EDITOR’S NOTE: This is yet another fake battle with malaria. It is to be remembered that before the Woyanne tribalist junta came to power in 1991, malaria had been effectively eradicated in Ethiopia. One of the first institutions Meles and his Woyanne gang had dismantled when they took power was the Ethiopian Malaria Prevention Center saying that each ethnic region should have its own Center. Of course all of the equipment and supplies from the dismantled Center in Addis Ababa were shipped to Tigray. What Health Minister Tewodros Adhanon and his Woyanne regime are currently doing is nothing more than a scheme to milk more money from donor countries.
ADDIS ABABA, ETHIOPIA (VOA) – Ethiopia is gearing up for an epic battle with malaria, possibly later this year. The stakes are high, with international aid agencies betting millions of dollars that the Horn of Africa’s largest country can wipe out a disease that kills at least a million Africans every year. VOA correspondent Peter Heinlein reports on Ethiopia’s unique chance of eradicating a killer disease.

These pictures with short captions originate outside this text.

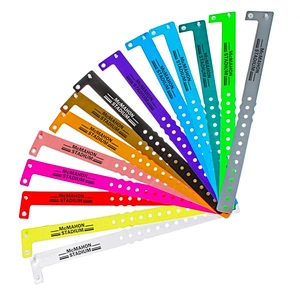Hot sale high quality Promotional adjustable PVC Wristbands disposable Custom Logo adult and kid  Wristbands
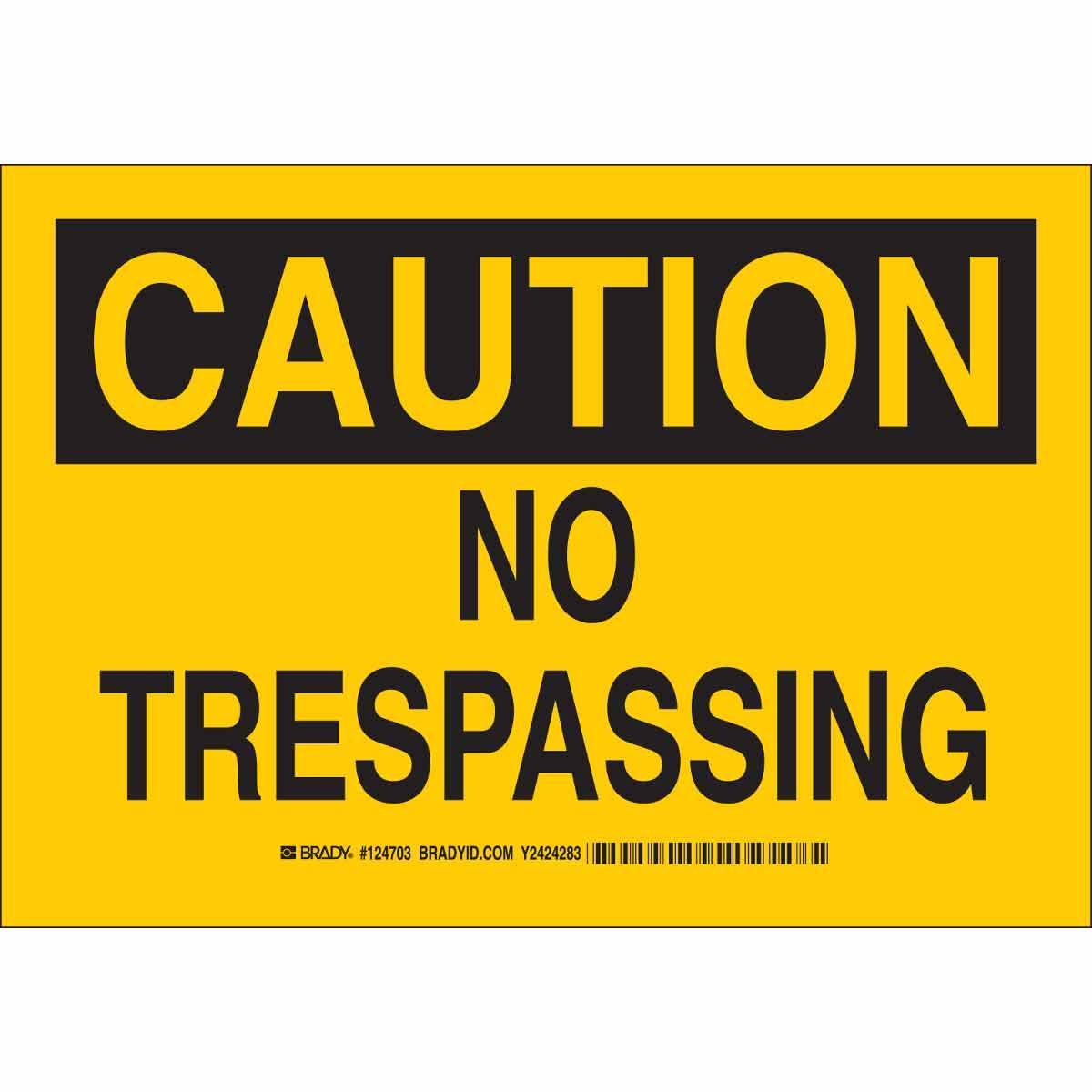 Brady® 124706 Access & Security Signs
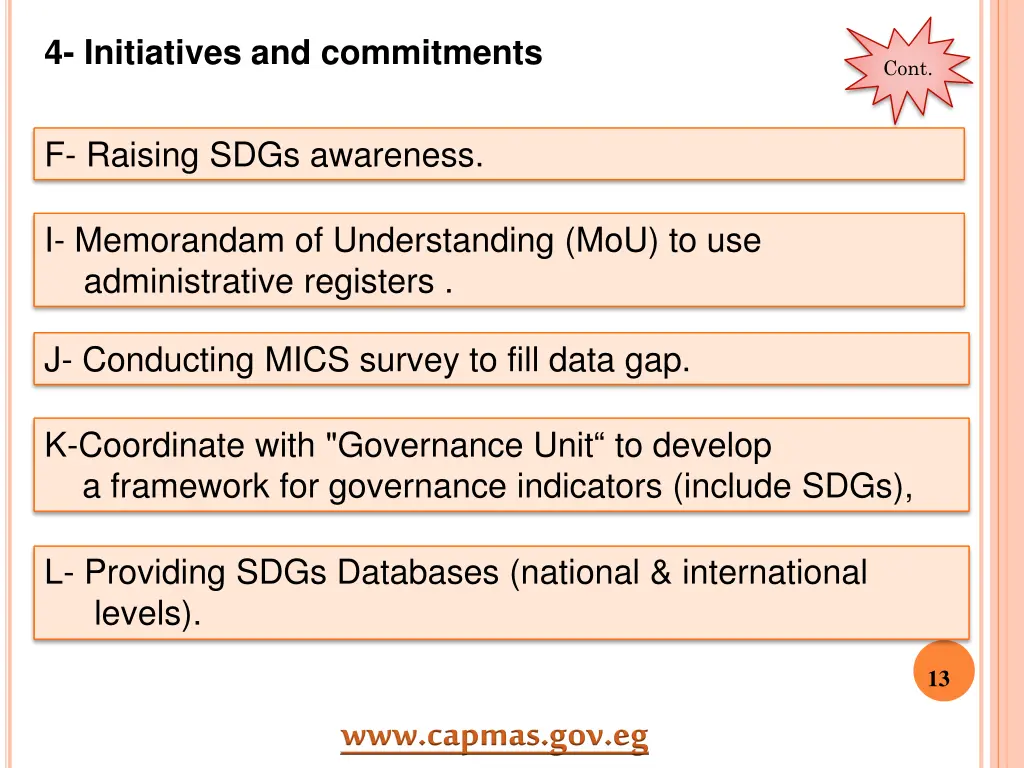 4 initiatives and commitments 1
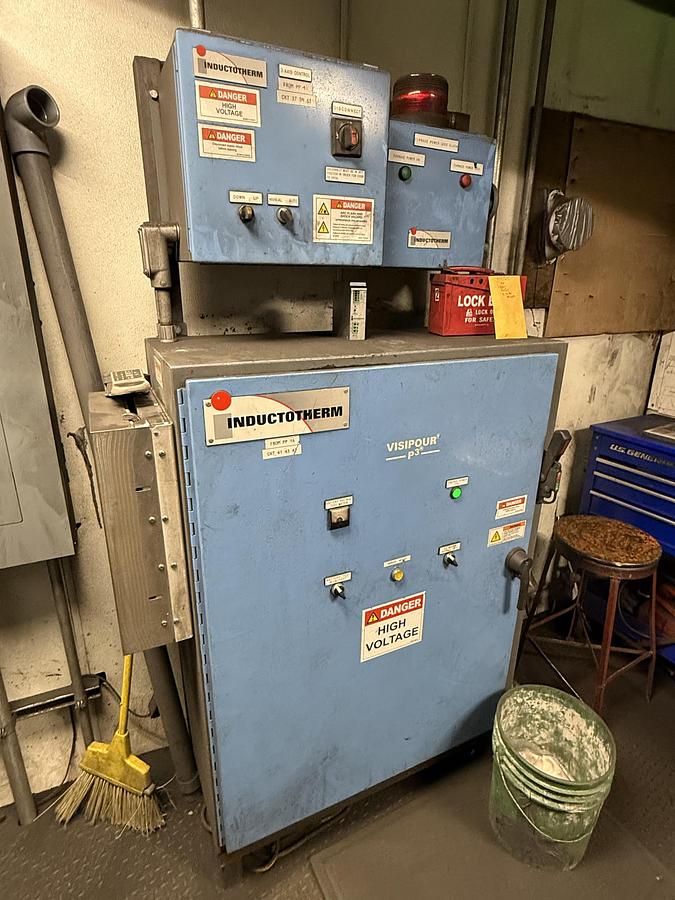 Used 2019 INDUCTOTHERM 5 TON PRESSURE POUR FURNACE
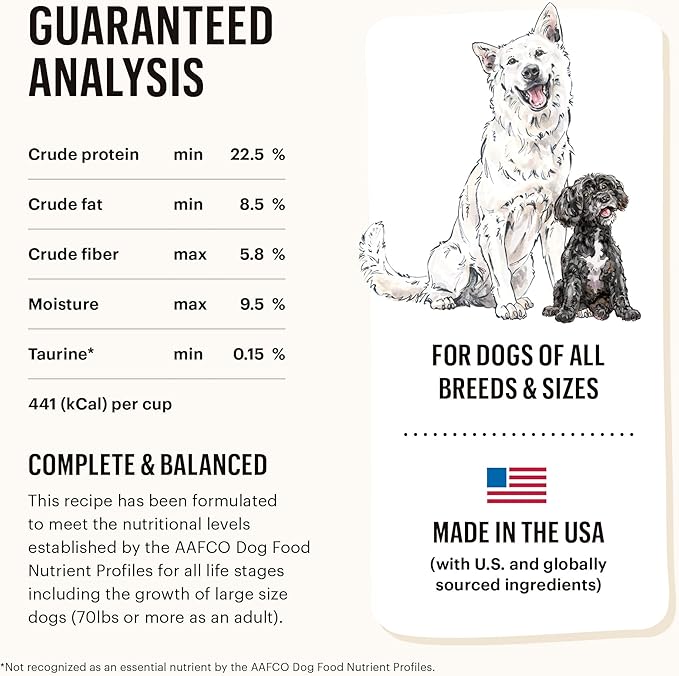 The Honest Kitchen Human Grade Dehydrated Whole Grain Dog Food – Complete Meal or Dog Food Topper – Beef 4 lb (makes 16 lbs)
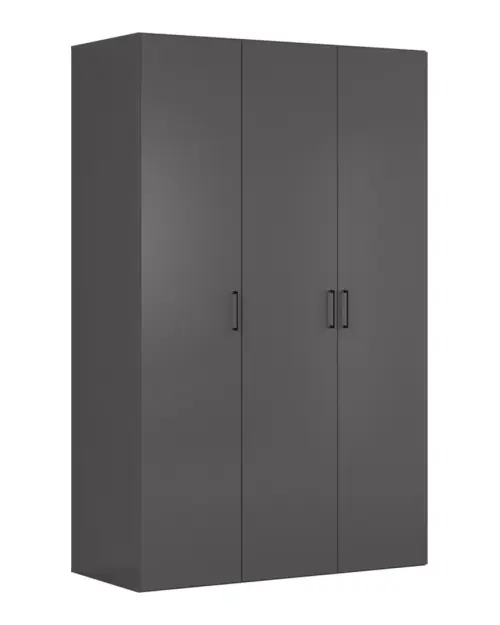 Armario modular Flex 150 cm con 3 puertas grafito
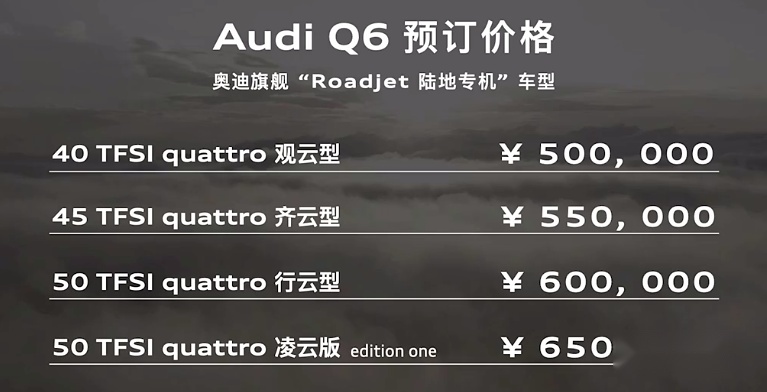 奥迪Q6正式亮相！比Q7便宜10多万！
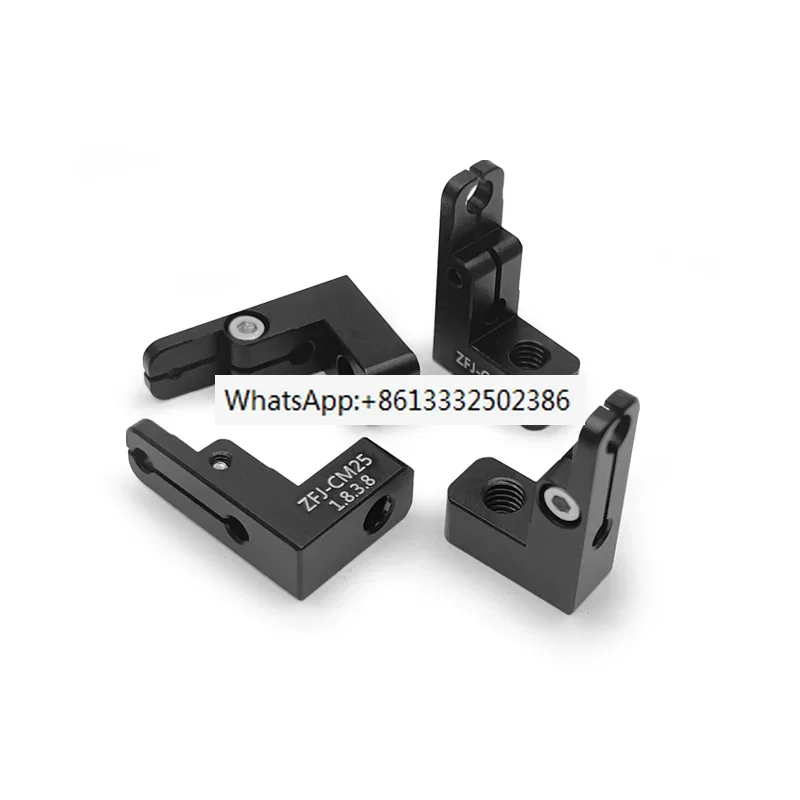 Insert clamp M4 with various screw hole diameters of 1.25/2.5/3.2/3.4mm that can install extension rods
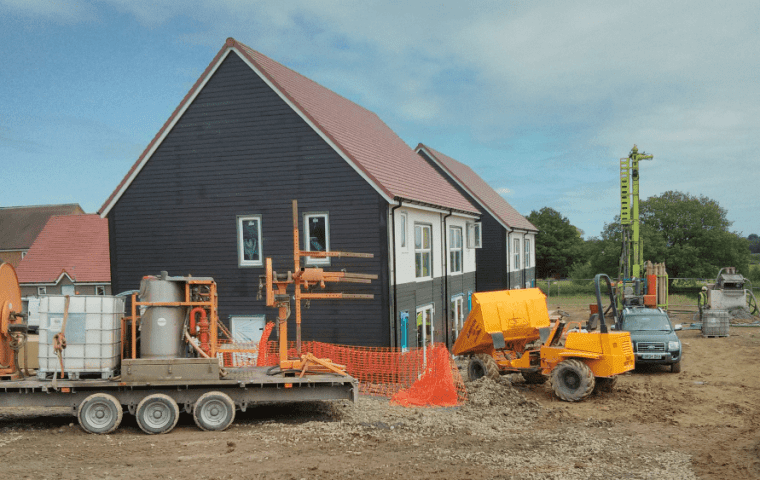 Ground Source Review: Shropshire Rural Housing, Kinlet - Installation 1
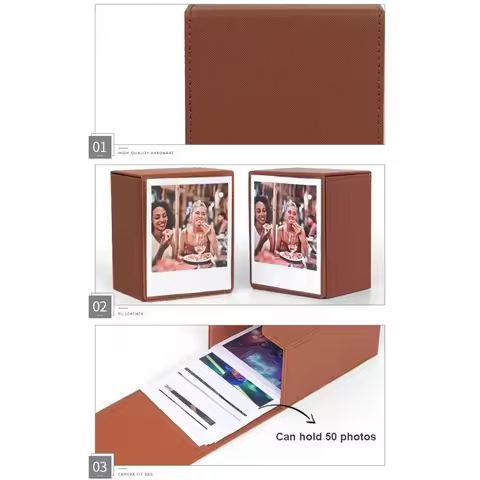 For Fujifilm Instax Wide Evo/300/210/Wide 400 Instant Camera 5Inch Photo Storage Box Large Capacity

The battle lines are drawn. The troops in this fight are equipped with life-saving medicines, diagnostic kits and protective gear. Health Minister Tewodros Adhanon says Ethiopia is on high alert for the next attack of malaria-carrying mosquitos. “We have deployed 30,000 health extension workers over the country, civil servants, high school graduates with one year certificate training out in the village to train and empower our communities,” he said.
Humad Ibrahim belongs to a nomadic tribe that roams Ethiopia’s remote Afar region. Now he’s also a health worker. Equipped with a cellphone, medicines and diagnostic kits, he is on the scene in the event of a malaria outbreak.
“We are not free of malaria,” Ibrahim said. “But it is better than it was before.”
Historically, a malaria epidemic hits Ethiopia every five to eight years. The last one, in 2003-and four, caught the country unaware. Millions contracted the disease. Nobody knows how many died.
Since then, aid agencies have spent hundreds of millions of dollars trying to prevent the next outbreak.
In a country with a doctor shortage and a mostly rural population, Ethiopia’s Health Minister, Twodros Adhanon, says bednets for all, and an army of village-level health workers are the cornerstones of the strategy to beat the disease.
“We have 10-million households in malarious areas, the target was to distribute 20-million, that’s two bed nets per household. A very ambitious target,” Adhanon reported.
Hospitals in the malaria zone are on alert, screening for signs of a surge in caseloads.
The US Agency for International Development believes Ethiopia has a unique opportunity to beat the disease because, unlike in most African countries, malaria is seasonal here. It hits hardest right after the rainy season, around September or October. USAID’S malaria program chief in Ethiopia Richard Reithinger says only time will tell.
“We’re basically due for another big epidemic year, and the big question is, are the number of cases that– we usually would see about 10-million cases in an epidemic year– is that number going to be lower, or is it going to be as high as before, as in 2003-2004,” Reithinger said.
Ethiopians believe they can control the next outbreak, and prove to skeptics that the huge sums being spent battling malaria can produce a decisive victory.
With another epidemic due, the battlefront is ready. Health workers are at their stations, confident of defeating one of the region’s biggest killers.
The U.S.-backed Global Fund for HIV, TB and malaria is betting they can. The fund has just approved another $290-million grant to the campaign.